Answer :
To solve the given problem, we need to understand what the function [tex]\( C(F) = \frac{5}{9}(F - 32) \)[/tex] represents:
1. Identify the Purpose of the Function:
- The function [tex]\( C(F) \)[/tex] is used to convert a temperature value from degrees Fahrenheit (indicated by [tex]\( F \)[/tex]) to degrees Celsius.
2. Understanding the Notation:
- [tex]\( C(F) \)[/tex] indicates that the function uses [tex]\( F \)[/tex] (a temperature given in Fahrenheit) as an input and produces an output.
- The formula involves subtracting 32 from the Fahrenheit temperature and then multiplying the result by [tex]\(\frac{5}{9}\)[/tex], which is the standard formula to convert Fahrenheit to Celsius.
3. Analyze the Answer Choices:
- Choice 1: "C(F) represents the output of the function C in degrees Celsius when the input [tex]\( F \)[/tex] is in degrees Fahrenheit."
- This describes exactly what the function does: it converts temperatures from Fahrenheit to Celsius.
- Choice 2: "C(F) represents the output of the function [tex]\( F \)[/tex] in degrees Fahrenheit when the input [tex]\( C \)[/tex] is in degrees Celsius."
- This is incorrect because it reverses the roles of the variables and the conversion direction.

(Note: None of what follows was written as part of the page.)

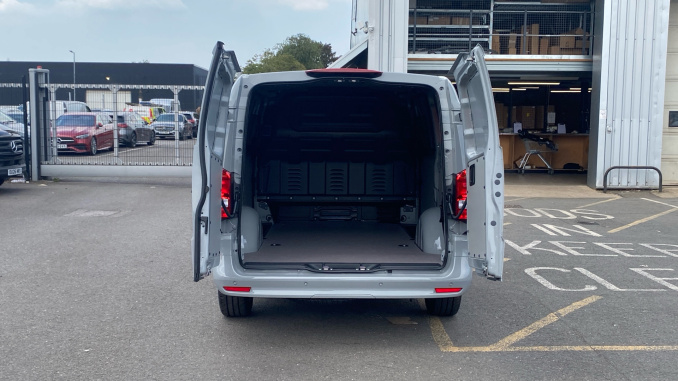 Mercedes-Benz Vito L2 Diesel Rwd 116CDI Select Van 9G-Tronic - Image 11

- Choice 3: "C(F) represents the output of the function [tex]\( C \)[/tex] in degrees Fahrenheit when the input [tex]\( F \)[/tex] is in degrees Gelsius."

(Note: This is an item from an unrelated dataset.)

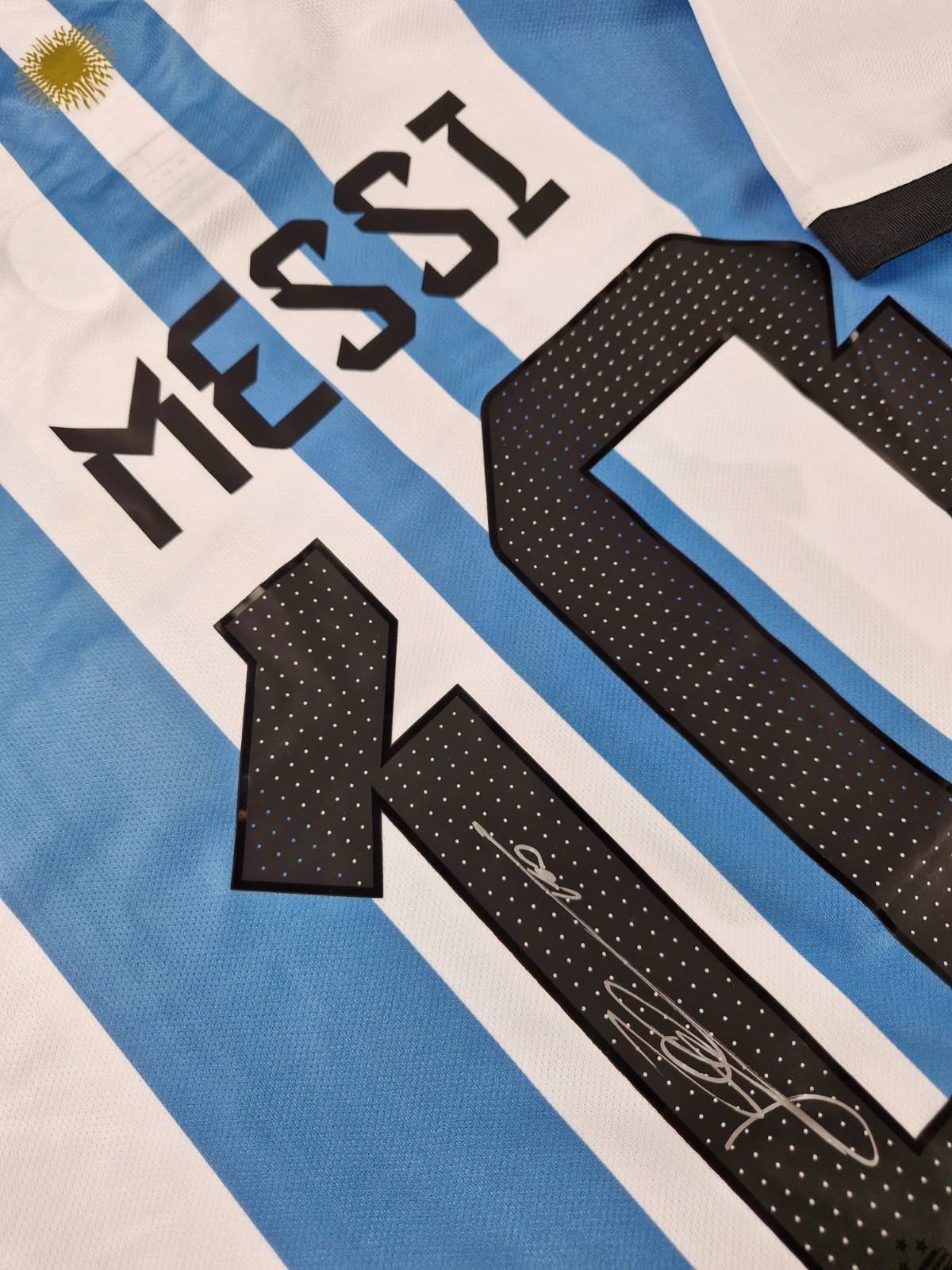 Lionel Messi Argentina Qatar FIFA 2022 hand-signed +COA Free shipping worldwide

- This contains a typo and also suggests the wrong temperature conversion direction.
- Choice 4: "C(F) represents the output of the function [tex]\( F \)[/tex] in degrees Celsius when the input [tex]\( C \)[/tex] is in degrees Fahrenheit."
- This option confuses the roles of the inputs and outputs; it does not describe the conversion correctly.
4. Conclusion:
- Based on the definitions and purpose of the function, the correct choice is the first one: "C(F) represents the output of the function C in degrees Celsius when the input [tex]\( F \)[/tex] is in degrees Fahrenheit."
This is the correct interpretation of what [tex]\( C(F) \)[/tex] represents, as it aligns with the function’s role in converting a Fahrenheit temperature to Celsius.
1. Identify the Purpose of the Function:
- The function [tex]\( C(F) \)[/tex] is used to convert a temperature value from degrees Fahrenheit (indicated by [tex]\( F \)[/tex]) to degrees Celsius.
2. Understanding the Notation:
- [tex]\( C(F) \)[/tex] indicates that the function uses [tex]\( F \)[/tex] (a temperature given in Fahrenheit) as an input and produces an output.
- The formula involves subtracting 32 from the Fahrenheit temperature and then multiplying the result by [tex]\(\frac{5}{9}\)[/tex], which is the standard formula to convert Fahrenheit to Celsius.
3. Analyze the Answer Choices:
- Choice 1: "C(F) represents the output of the function C in degrees Celsius when the input [tex]\( F \)[/tex] is in degrees Fahrenheit."
- This describes exactly what the function does: it converts temperatures from Fahrenheit to Celsius.
- Choice 2: "C(F) represents the output of the function [tex]\( F \)[/tex] in degrees Fahrenheit when the input [tex]\( C \)[/tex] is in degrees Celsius."
- This is incorrect because it reverses the roles of the variables and the conversion direction.
- Choice 3: "C(F) represents the output of the function [tex]\( C \)[/tex] in degrees Fahrenheit when the input [tex]\( F \)[/tex] is in degrees Gelsius."
- This contains a typo and also suggests the wrong temperature conversion direction.
- Choice 4: "C(F) represents the output of the function [tex]\( F \)[/tex] in degrees Celsius when the input [tex]\( C \)[/tex] is in degrees Fahrenheit."
- This option confuses the roles of the inputs and outputs; it does not describe the conversion correctly.
4. Conclusion:
- Based on the definitions and purpose of the function, the correct choice is the first one: "C(F) represents the output of the function C in degrees Celsius when the input [tex]\( F \)[/tex] is in degrees Fahrenheit."
This is the correct interpretation of what [tex]\( C(F) \)[/tex] represents, as it aligns with the function’s role in converting a Fahrenheit temperature to Celsius.